▶ _Work to complete_
Among the entries below, copy every line that carries the word "Cover".

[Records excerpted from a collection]
┌──
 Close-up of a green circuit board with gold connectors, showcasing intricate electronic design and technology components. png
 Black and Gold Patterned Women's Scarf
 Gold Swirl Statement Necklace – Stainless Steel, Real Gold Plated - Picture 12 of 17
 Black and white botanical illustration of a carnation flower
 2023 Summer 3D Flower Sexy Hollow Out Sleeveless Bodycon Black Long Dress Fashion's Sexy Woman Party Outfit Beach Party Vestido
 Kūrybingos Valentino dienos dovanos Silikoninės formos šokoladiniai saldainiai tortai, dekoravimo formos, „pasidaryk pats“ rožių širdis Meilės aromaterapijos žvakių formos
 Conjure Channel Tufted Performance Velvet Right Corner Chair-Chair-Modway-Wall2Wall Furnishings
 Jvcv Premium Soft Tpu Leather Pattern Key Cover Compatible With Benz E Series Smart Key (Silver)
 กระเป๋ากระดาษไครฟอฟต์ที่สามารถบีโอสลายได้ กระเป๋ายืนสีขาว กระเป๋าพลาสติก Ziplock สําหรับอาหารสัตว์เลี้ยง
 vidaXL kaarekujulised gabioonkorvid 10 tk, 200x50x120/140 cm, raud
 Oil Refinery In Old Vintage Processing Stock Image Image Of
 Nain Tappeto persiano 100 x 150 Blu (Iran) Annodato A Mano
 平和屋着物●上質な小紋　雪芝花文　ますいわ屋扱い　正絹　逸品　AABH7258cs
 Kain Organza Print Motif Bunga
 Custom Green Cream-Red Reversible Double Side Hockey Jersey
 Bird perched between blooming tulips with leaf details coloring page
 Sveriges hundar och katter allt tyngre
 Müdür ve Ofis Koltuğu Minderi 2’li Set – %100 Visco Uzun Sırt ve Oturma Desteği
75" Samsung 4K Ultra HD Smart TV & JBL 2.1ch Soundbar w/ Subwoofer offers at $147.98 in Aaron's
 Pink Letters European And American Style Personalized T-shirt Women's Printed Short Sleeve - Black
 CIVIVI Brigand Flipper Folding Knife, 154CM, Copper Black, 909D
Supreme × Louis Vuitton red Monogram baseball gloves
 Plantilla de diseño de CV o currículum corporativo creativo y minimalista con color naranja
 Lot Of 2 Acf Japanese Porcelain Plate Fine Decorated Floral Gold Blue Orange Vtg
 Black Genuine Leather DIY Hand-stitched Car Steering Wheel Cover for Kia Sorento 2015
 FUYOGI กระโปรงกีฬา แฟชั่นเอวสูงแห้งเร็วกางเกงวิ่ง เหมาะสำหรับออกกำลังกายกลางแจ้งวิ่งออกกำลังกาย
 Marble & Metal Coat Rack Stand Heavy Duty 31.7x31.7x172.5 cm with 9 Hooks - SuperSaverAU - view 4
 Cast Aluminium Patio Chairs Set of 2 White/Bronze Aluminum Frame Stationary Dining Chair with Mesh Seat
└──
▶ _Solution for this problem_
 Jvcv Premium Soft Tpu Leather Pattern Key Cover Compatible With Benz E Series Smart Key (Silver)
 Black Genuine Leather DIY Hand-stitched Car Steering Wheel Cover for Kia Sorento 2015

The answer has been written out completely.